Media Monitoring Africa (MMA) and the Centre for Child Law are deeply concerned at the level of
carelessness being displayed by some media outlets and political parties in the coverage of the case
involving a “top Mpumalanga ANC official” who is accused of rape. We note that identifying this
official indirectly identifies the children involved. Any media or party that chooses to do this is not
only exposing the children to secondary trauma, but is acting unethically and illegally.

By identifying the official, the media flouts Section 154 (3) of the Criminal Procedure Act which was
itself the subject of a Constitutional Court challenge. The amended section which is set to be
reviewed by Parliament, reads: “No person shall publish in any manner whatever any information
which reveals or may reveal the identity of an accused person under the age of eighteen years or of
a witness or of a victim at or in criminal proceedings who is under the age of eighteen years:
Provided that the presiding judge or judicial officer may authorise the publication of so much of such
information as he may deem fit if the publication thereof would in his opinion be just and equitable
and in the interest of any person.

Additionally, Section 8.3 of the Press Code of Ethics and Conduct for South African Print and Online
Media is flouted when identification occurs. The Section states, “[The media shall] not identify
children who have been victims of abuse or exploitation, or who have been charged with or
convicted of a crime, without the consent of their legal guardians (or a similarly responsible adult)
and the child (taking into consideration the evolving capacity of the child), a public interest is evident
and it is in the best interests of the child.”

Further and in the case of broadcast media, Section 11.7 of the Broadcasting Complaints
Commission of South Africa is violated whenever the identity of the official is revealed. The Section
states, “The identity of rape victims and other victims of sexual violence must not be divulged in any
broadcast, whether as part of news or not, without the prior valid consent of the victim concerned.”
We note that in the case of the children concerned, even if informed consent was granted by the
care giver or guardian, that it would still be a violation of the Act).
Identifying children who are victims of sexual abuse, or any abuse for that matter exposes them to
harm including victimisation, and/or further trauma that might come as a result of being identified in
the media.

We should also draw attention to the fact that while some media are not naming the official and the
children involved, they have given other details that could lead to the identification of the official
and children. This is also unethical. We advise that details such as the portfolios that this official
served and when he served in them should be omitted from the articles.
We ask that all those media that have such details that identify or could lead to identification of the
children, withdraw such information from their online articles.

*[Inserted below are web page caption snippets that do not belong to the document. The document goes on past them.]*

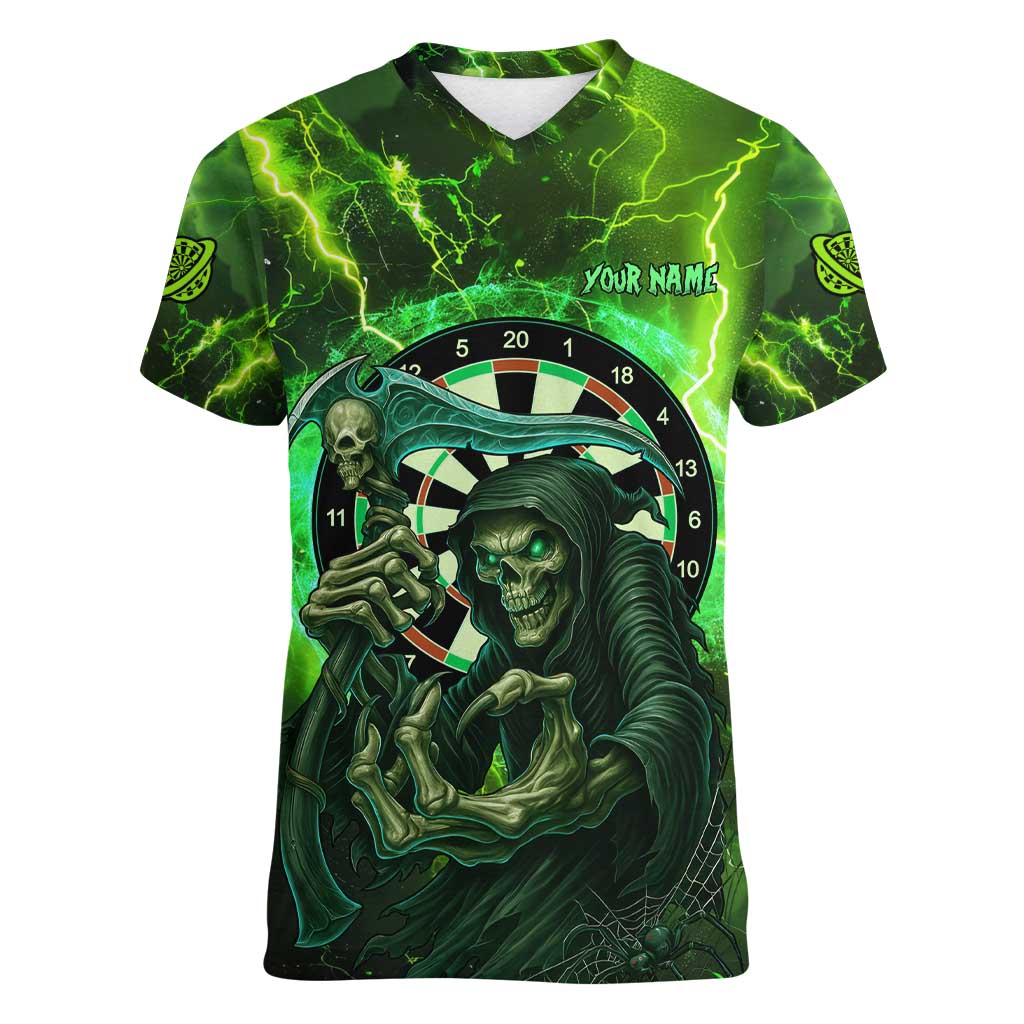 Grim Reaper and Dartboard Darts Women V-Neck T-Shirt with Green Lightning Background and Custom Team Name - Wonder Print Shop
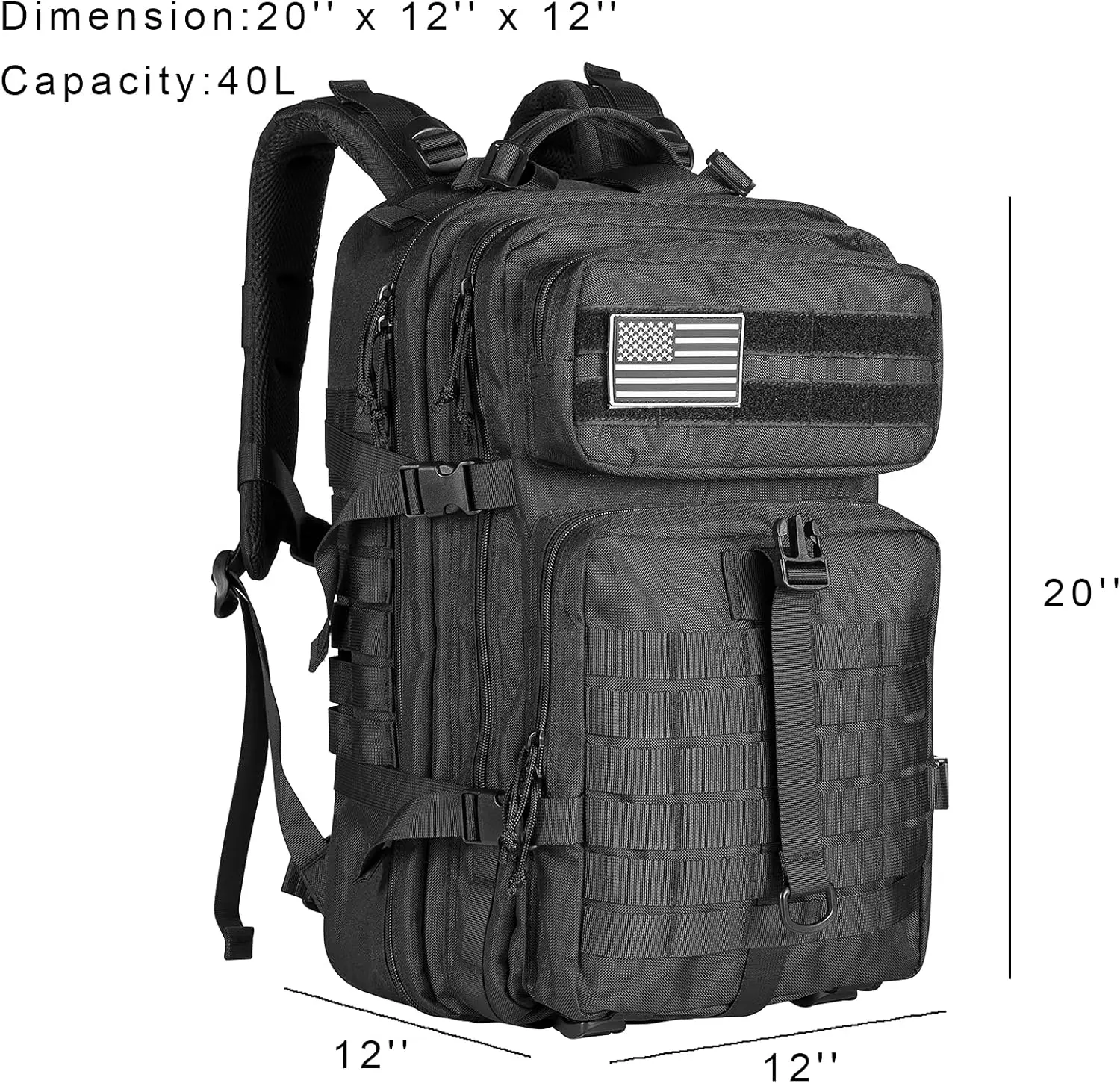Military Tactical Backpack - Large Army 3 Day Assault Pack Molle Bag Rucksack,40L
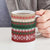 Chimpanzee Christmas Ceramic Mug Chimpanzee Wearing Santa Hat - Red Green Snowflake - Wonder Print Shop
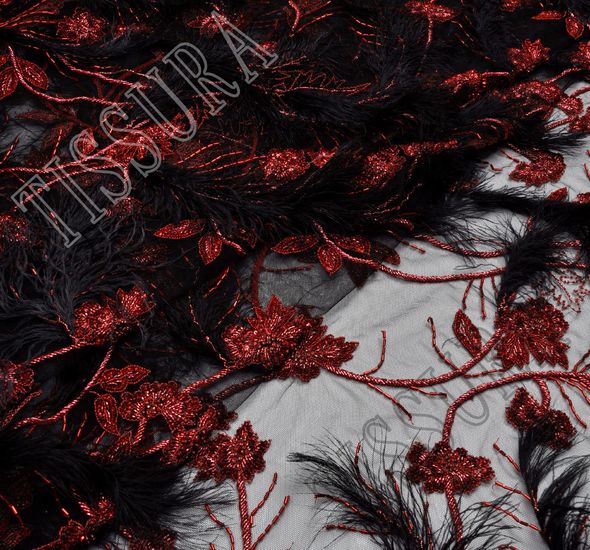 Feather Sequin Embroidered Tulle #1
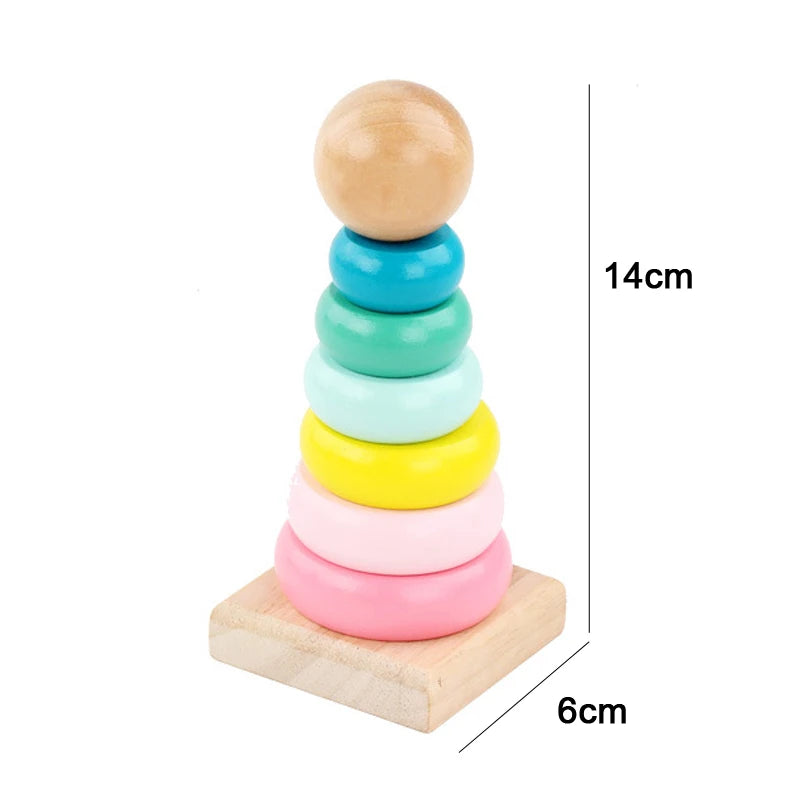 Montessori Stacking Blocks — Wooden Toy, Shape Sorter, Early Learning, Fine Motor, Toddler Gift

We note that some media may have included the name of the accused, but commend them for swift
action in seeking to rectify their error. MMA and the Centre for Child Law would like to recognise
those media that have taken clear positive steps to not identify the perpetrator and children thus
acting in the best interests of the children.
We implore the media to sufficiently protect the children by cautiously reporting this story and to
promote the children’s best interests as dictated by Section 28.2 of the Bill of Rights of the South
African Constitution.

We note that both the ANC and the DA initially named the accused and gave details of the crime
leading to the identification of the children as well. We call on these parties to immediately
withdraw their official statements to offer an apology and ensure that going forward not only do
they prevent such an unconsidered response, but that they also avail their resources to ensuring
that the children concerned are being appropriately cared for and supported.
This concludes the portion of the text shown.